# It's amazing what tannins do sometimes...



## Piyoteru (Apr 17, 2014)

I used to put in rooibos tea as an indian almond leaf substitute for my betta all the time and he would bubble nest furiously. Then I stopped for a month and there was zero bubble nesting activity... today I added some in and hours later I caught him in the beginnings of a bubble nest! 
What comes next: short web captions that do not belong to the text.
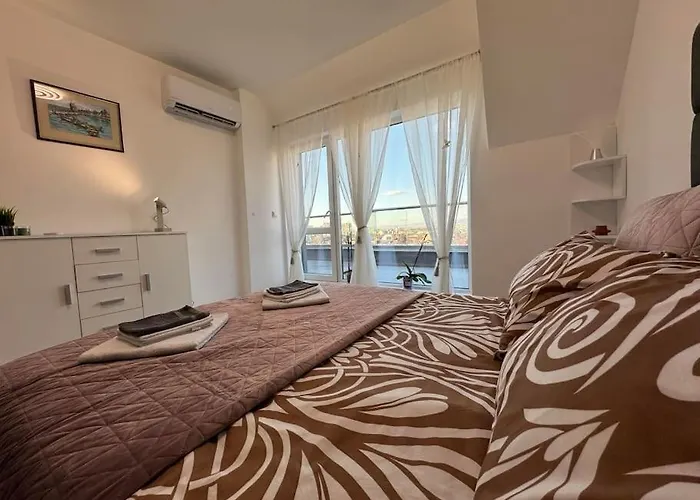 Apartmán Panoramic View Near Airport *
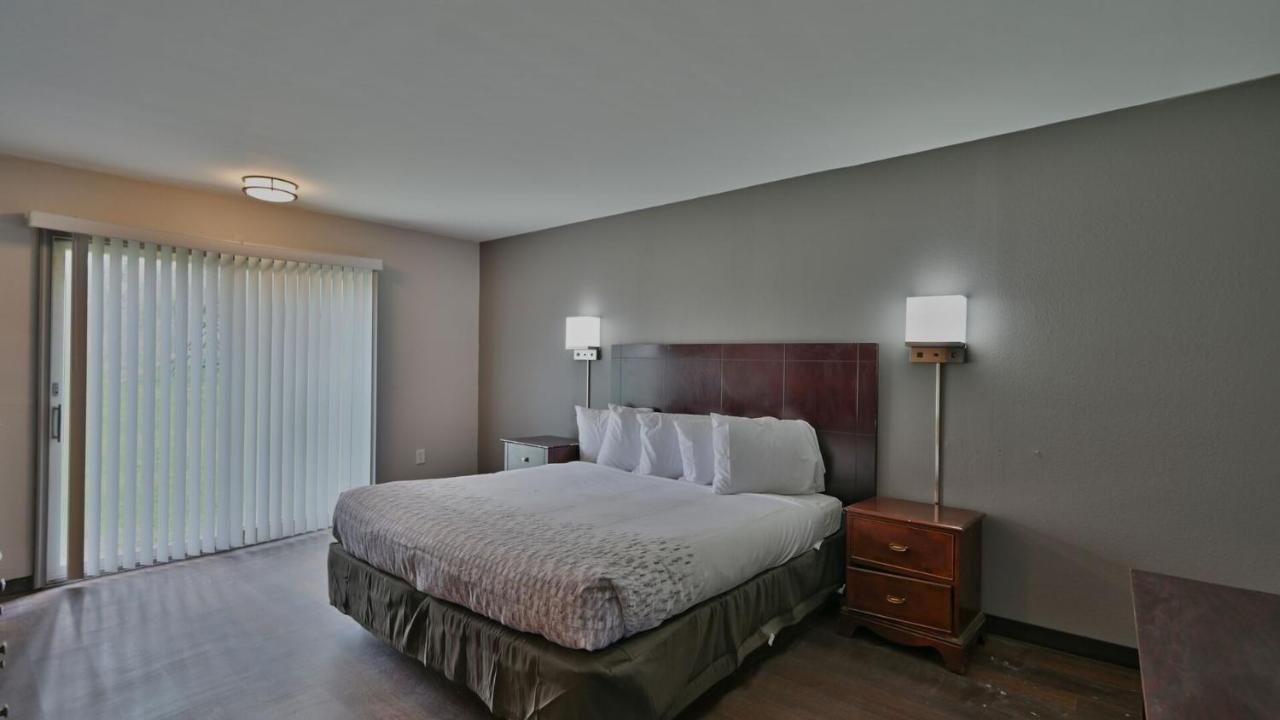 Maplehurst Motel Tunkhannock Zewnętrze zdjęcie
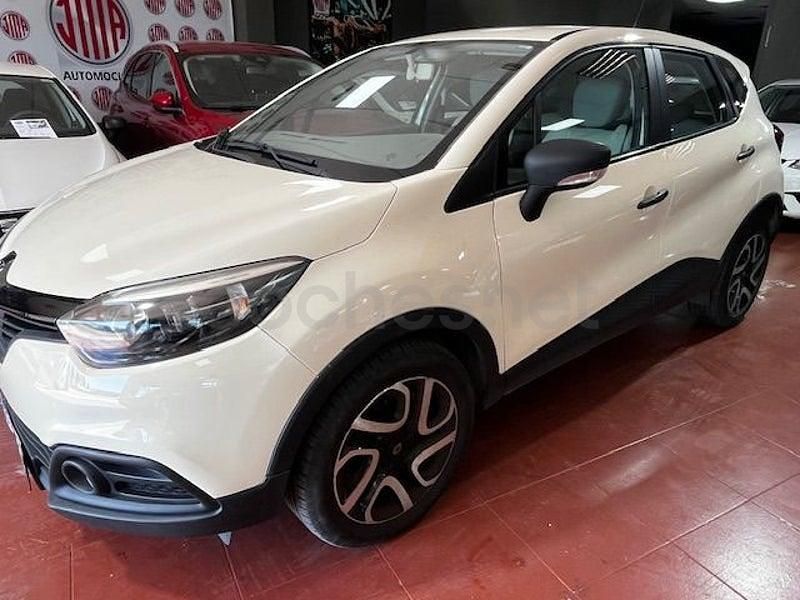 Usado Renault Captur Life 90 CV (66 kW) 2013 Beige SUV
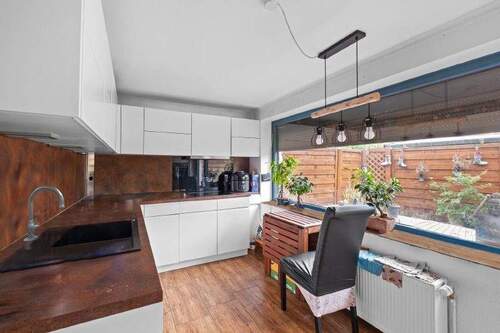 Einbauküche - 4 Zimmer Reihenmittelhaus zum Kaufen in Seevetal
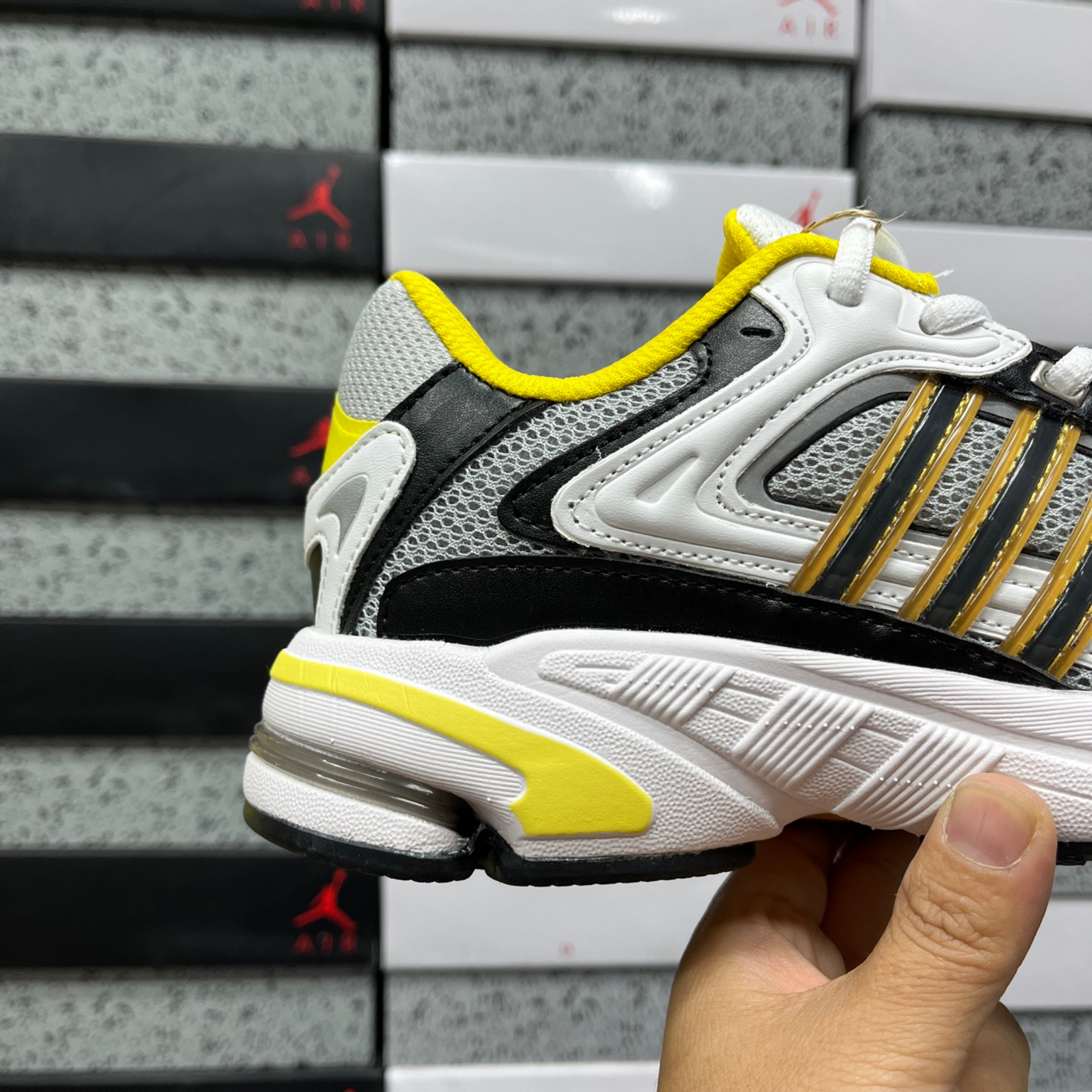 Adidas Response CL - White Core Black Solar Gol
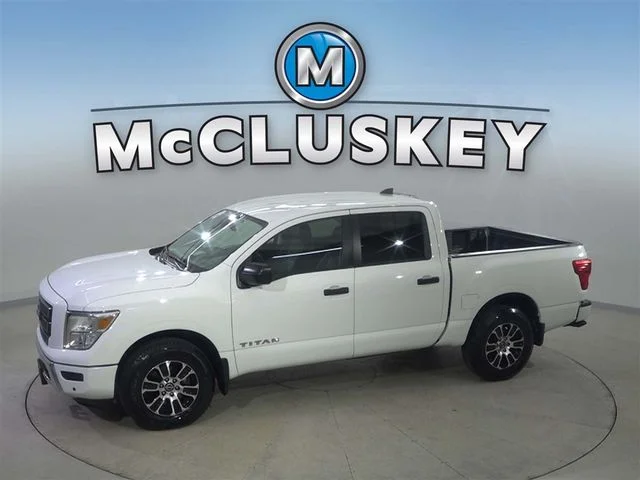 2024 Nissan Titan SV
I don't intend on breeding him, but it is interesting to see how it's affected his behavior so quickly.


----------



## Seki (Jul 10, 2012)

I noticed less aggression with my girls when my driftwood was still leaching tannins. Once the water changes removed them all, the girls got a bit feistier!


----------



## TCas0318 (Jul 1, 2014)

I just added some rooibos tea to my boys tank yesterday and this morning I woke up to a small bubble nest. None of the six bettas I've had have ever tried to make one so I was thrilled to see it! He also seems more relaxed. He used to glass surf a little bit and I haven't noticed him doing that yet. Go tannins!!


----------



## Vergil (Nov 10, 2013)

Seki said:


> I noticed less aggression with my girls when my driftwood was still leaching tannins. Once the water changes removed them all, the girls got a bit feistier!


Interesting. Some time last year, I added makeshift teabags with peat moss in Hiko's tank and he was less inclined to harass his nerite while it was there.


----------



## Bikeridinguckgirl14 (Oct 22, 2013)

I originally got IAL to stop ryuuji from tail biting and it certainly helped. Now I use them to help with stress/aggression


----------